Janine, 39 años

Cuando tenía 14 años, me detectaron un quiste. Primero me dijeron que era un quiste de grasa. Durante mis períodos se volvía duro y también desagradable. Pero no pensé que tendrían que extraerlo. Cuando comprendí que no era nada serio, me quedó claro que iba a vivir con aquello allí. No sabía exactamente como era de grande, pero ciertamente podía verlo. Más tarde, mi pareja lo notó, pero hablé abiertamente sobre ello. Seguí con esto durante mucho tiempo, hasta que tuve unos 30 años y, en algún momento, mi ginecóloga dijo: “Tenemos que extraerlo”. El quiste tenía entonces probablemente 3,5 centímetros de alto y ella dijo que podría ser algo serio. Luego me hicieron una biopsia y me dijeron que era un fibroadenoma, benigno y se mantiene benigno. Entonces me opuse una vez más a la operación.

Luego leí por casualidad en el periódico que un fibroadenoma puede reducirse mediante echotherapy sin cirugía. Entonces me dije a mí misma: no hay anestesia general y no te cortarán, era lo que quería. A pesar de que realmente no tuve ningún problema con el fibroadenoma, pensé que lo mejor era tratarlo, sin cortes. Luego me informé en el centro de echotherapy donde pedí una cita.

El día del tratamiento me recibieron muy bien. No estaba preocupada porque sabía que no sucedería gran cosa. Los doctores me habían informado muy bien antes. Podría haberme inyectado anestesia, pero no lo hice. No tengo ningún problema con estar tranquila y quieta. Esto es importante, porque si te mueves, el dispositivo se apaga solo por razones de seguridad y demora un poco más el tratamiento, pues debe reiniciarse. Cuando se aplican los ultrasonidos, calienta un poco, se oye un ruido, pero no hay problema. Y aunque no soy insensible al dolor, eso fue solo un pequeño obstáculo. Inmediatamente después del tratamiento pude hacer de todo, no tenía que preocuparme por nada, podía volver a ponerme el sujetador normalmente. Sólo había un diminuto moretón, pero eso fue todo.

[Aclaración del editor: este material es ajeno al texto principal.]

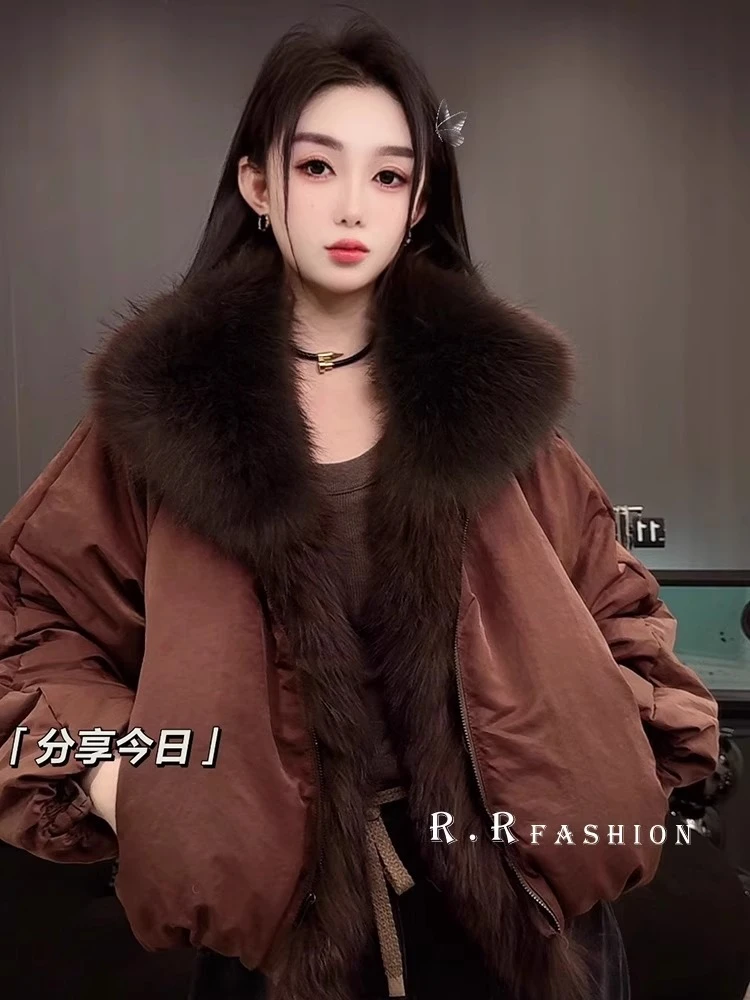 可拆卸毛领派克羽绒服女2024冬季新款女装大口袋保暖外套长袖上衣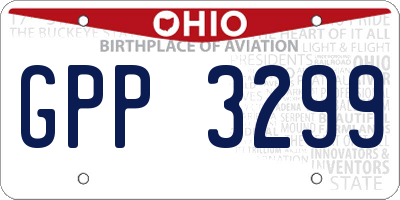 OH license plate GPP3299
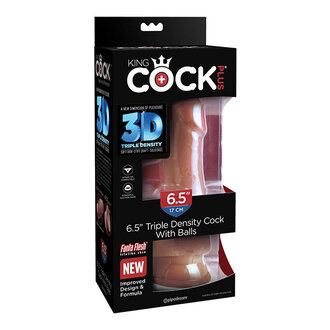 PIPEDREAM KC PLUS 6.5 IN TRIPLE DENSITY COCK W/ BALLS TAN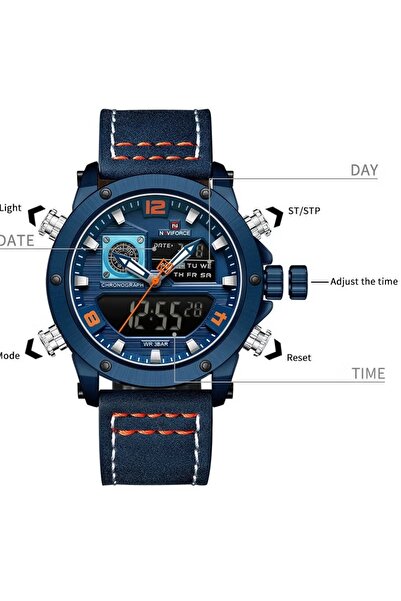 Naviforce Men's Dual Time Chronograph Watch – Leather Strap, Analog-Digital, 30M Water Resistant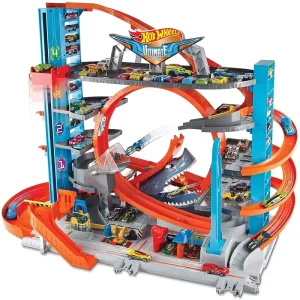 Hot Wheels FTB69 City Garage with Loops and Shark Playset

Antes del tratamiento ni siquiera examiné el fibroadenoma. Sabía que no era malo, así que tampoco me interesaba. Pero un tiempo después del tratamiento, noté claramente que se había vuelto más pequeño.

Hoy en día el fibroadenoma incluso se ha vuelto todavía mucho más pequeño. De los 3,5 cm a tal vez 1 cm sólo. La sensación de tensión se ha ido por completo. El tejido también se siente muy diferente, ya no es duro, es suave. Es más cómodo.

“Definitivamente volvería ha hacerlo y especialmente si tiene un cierto tamaño, entonces tiene sentido.